まずは、中山竜一さんの『ヒューマニティーズ 法学』を開いて、「法とは何か」そして「法解釈の重要性」について、のみこんでから、この本を開くと、興味深く、読み進めることができるかもしれません。
1 内容要約
法とは、抽象的・体系的なものである。
そうなっている理由は、要素の共通した事件一般について、平等に適用するため。
法が、抽象的であり体系的であるがために、「解釈」という作業が、必要になってくる。
条文の読み方。
解釈の方法。
法の体系についての整理。公法と私法、一般法と特別法、など。
これらの考え方・約束事について、ざっと紹介した上で、現代日本における、裁判所の組織体系や、法の担い手について、整理、説明。
最後に、法の解釈、その実例としての「判例」の読み方について、説明。
2 中島コメント
深入りしない、あっさりした説明。

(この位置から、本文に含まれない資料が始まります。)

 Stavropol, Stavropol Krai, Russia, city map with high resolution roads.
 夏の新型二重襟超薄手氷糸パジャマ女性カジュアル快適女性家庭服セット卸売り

スラスラ、読み進めることができました。
それだけに、一読では、内容が印象に残りづらいかも…
この本において、最後に紹介のある判例については、道垣内さん自身が、評釈を書いています。その評釈をお手本として、この本を傍らに置きつつ、学習してみても、いいかもしれません。
この本を通して、法解釈の約束事について、ざっと振り返ってみて、個人的に感じたこと。それは、「よりよい法解釈の前提として、法の体系についての、該博な知識が必要になる」ということでした。
該博な知識の習得+法の解釈方法の習得=よき解釈
「該博知識」と「解釈方法」とは、学習上、相乗効果を生んでゆく、関係にあるのでしょう。
また、司法書士実務において、法の解釈に関して、スタッフさんたちに解説してゆく場合、行政法における「法律による行政の原理」という概念についての説明も、必要になるでしょう。私たちの解釈について照会する相手が、「法務局」という「行政庁」であることが、ままあるからです。
そして、「そもそも、ひとは、どうして法に従うべきことになっているのか」ということについても、入門者さんたちには、説明する必要があるでしょう。この説明、考えてみると、実は難しいです。このことについては、道垣内さんは、一般の「法学入門」に、説明を譲ったのかもしれません。
コンパクトにまとまった、読みやすい一冊でした。